Pedro Sánchez,  pte. de Gobierno.
Pedro Sánchez, Prime minister.

Fernando González Urbaneja | The se­quence of events is re­le­vant to the out­come and has to do with the elec­toral con­fron­ta­tion. Behind and at the bottom of this de­bate or storm there is no doc­trine or theory, there are no do­cu­ments with we­ll-­founded pro­po­sals, it is just a matter of brushs­trokes with ideo­lo­gical pre­ten­sions of little flight and quite a lot of tric­kery.

The opposition party, with Núñez Feijóo at the head, trying to set the agenda, proposed a generalised reduction in taxes as a mechanism for returning to taxpayers the excess revenue collected as a result of inflation. In addition, the Andalusian president announced the fulfilment of an electoral promise: a zero rate for wealth tax under regional jurisdiction and management.

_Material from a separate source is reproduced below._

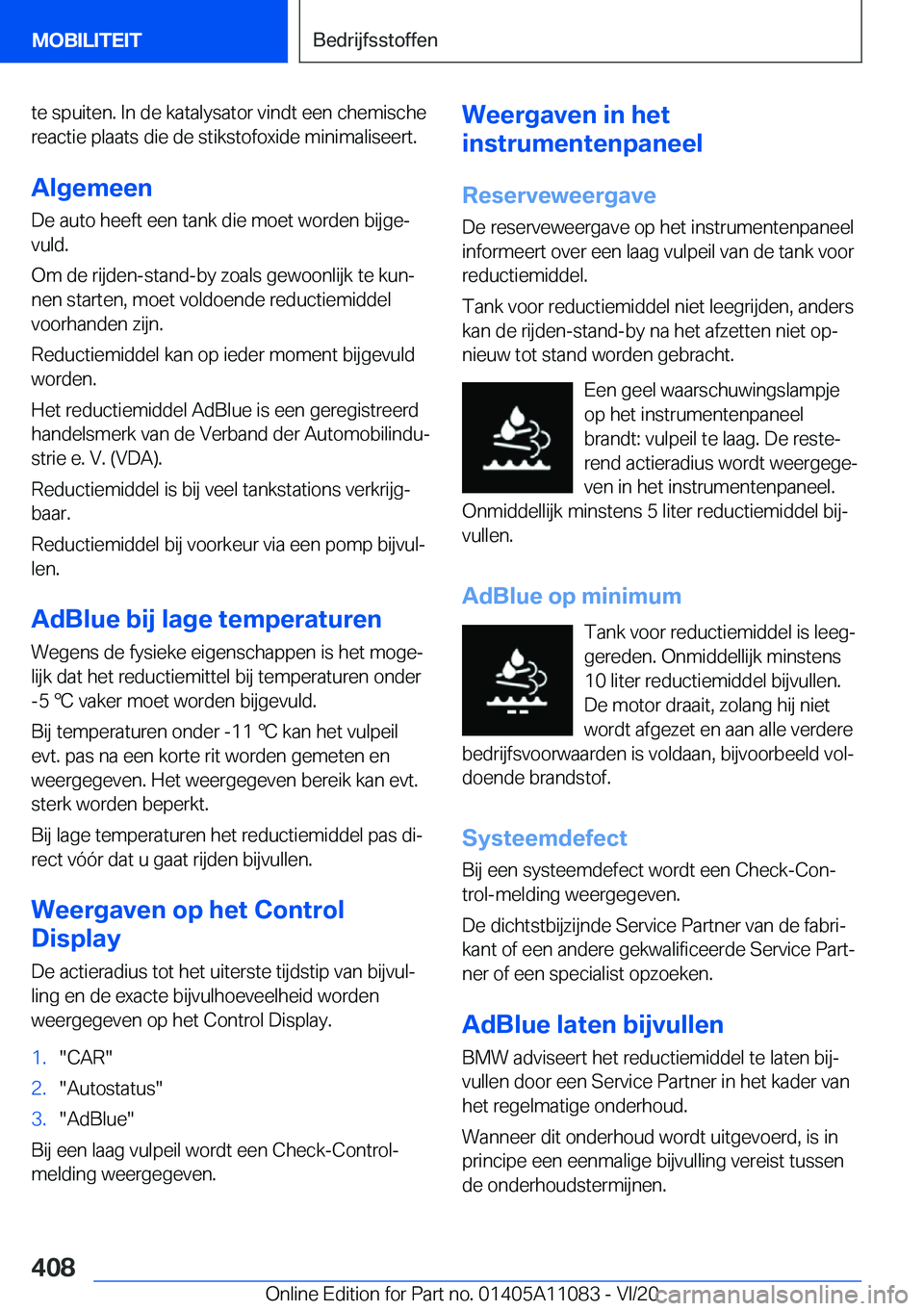 BMW 7 SERIES 2021  Instructieboekjes (in Dutch) �t�e��s�p�u�i�t�e�n�.��I�n��d�e��k�a�t�a�l�y�s�a�t�o�r��v�i�n�d�t��e�e�n��c�h�e�m�i�s�c�h�e�r�e�a�c�t�i�e��p�l�a�a�t�s��d�i�e��d�e��s�t�i�k�s�t�o�f�o�x�i�d�e��m�i�n�i�m�a�l�i�s�e�e�r�t�.
�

The government went along with the Popular Party, first to disqualify any tax cuts, and also to warn that it would respond to the neutralisation of wealth tax collection with a new state tax on large fortunes, i.e. on wealth. All of this is seasoned with Robin Hood demagogy, taxing the rich to give to the poor.

The end result is a government proposal (coalition consensus) to propose an alleged tax reform to reduce taxes on low incomes and increase them on capital income and wealth.

A retreading of the broken tax system that does not get to the heart of the problem. It ignores the well-founded expert reports that lie dormant in the Treasury’s drawers and remains cosmetic, with apparent tweaks that will neither raise revenue, nor stimulate the economy, nor reduce inflation.

The mountain gave birth to a mouse. Tweaks that change nothing. It is good to raise the minimum tax filing threshold and increase the deduction for work, which will affect many taxpayers, but with no effect on tax collection. Inventing a wealth tax equivalent to the one already in force is irrelevant. It affects very few and it is doubtful that it will produce the intended revenue. The experience with the taxes invented a year ago by this government (Google tax and Tobin tax) is eloquent, from what was said to what was achieved there is a long way to go.

The adustments to the corporate tax on SMEs are insignificant. The same goes for the increases in capital income above 200,000 euros (a path already used a couple of years ago). Or indeed the adjustment to the modules for the self-employed, a model that should be overcome and normalised as it is one of the black holes for concealing tax bases.

In short, low-intensity measures with poor results, which do not affect the core of the tax problem: the exhaustion of the current tax figures. A journey to nowhere, travelling along amid noise and confusion so as not to change anything serious. When the reform can be evaluated, I suspect that it will not affect more or less than 2% of tax revenues.